High Performance Memory Systems

Gershon Kedem
Computer Science Department
Duke University

abstract

As general purpose processors are getting faster, the speed gap between the processor and the main memory system increases. While processors' speed generally increases by a factor of 2 every 18 months, DRAM speed improves by about 5% a year. Moreover, since DRAM memory is external to the microprocessor, considerable delay occurs from the time the processor asks for a cache line until the CPU receives the first word. As a result the relative cost of accessing DRAM, measured as the number of instructions the processor can execute by the time a DRAM access is complete, is more than 250 instructions per access (IPA). For example the IPA cost for an UltraSparc-2 machine is ~256 IPA. We expect the cost to substantially rise in the near future.
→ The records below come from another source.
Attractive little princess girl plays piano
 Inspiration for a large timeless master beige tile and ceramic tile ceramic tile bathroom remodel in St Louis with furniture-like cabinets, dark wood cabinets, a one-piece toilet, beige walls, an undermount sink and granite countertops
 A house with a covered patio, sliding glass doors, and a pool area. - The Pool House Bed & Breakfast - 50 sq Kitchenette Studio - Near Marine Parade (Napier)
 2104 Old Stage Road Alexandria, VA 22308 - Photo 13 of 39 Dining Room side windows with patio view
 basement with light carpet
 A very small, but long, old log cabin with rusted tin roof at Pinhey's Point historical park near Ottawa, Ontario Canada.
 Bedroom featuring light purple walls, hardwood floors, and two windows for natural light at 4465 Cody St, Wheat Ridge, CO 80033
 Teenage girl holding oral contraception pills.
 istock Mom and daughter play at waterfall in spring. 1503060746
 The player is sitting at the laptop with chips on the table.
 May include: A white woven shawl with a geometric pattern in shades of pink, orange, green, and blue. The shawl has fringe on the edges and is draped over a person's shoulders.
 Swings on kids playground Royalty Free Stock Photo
Albert Yu of Intel predicts that by the year 2006 processors will be able to execute 20,000 MIPS. The relative cost of accessing DRAM for a 20,000 MIPS processor will be more than 2000 IPA. A general technique that helps alleviate this problem is cache memory. As processors get faster, they execute larger programs with larger data sets. For such programs, caches can be ineffective. That is, these programs could suffer a large number of cache misses, even on a processor with a large cache. When the relative DRAM-access cost is 1500 IPA, a 1% cache miss-rate could reduce performance to 15% of peak performance.

The High Performance memory System project is an effort to develop new architectures and hardware mechanisms that will help narrow the growing CPU memory speed gap.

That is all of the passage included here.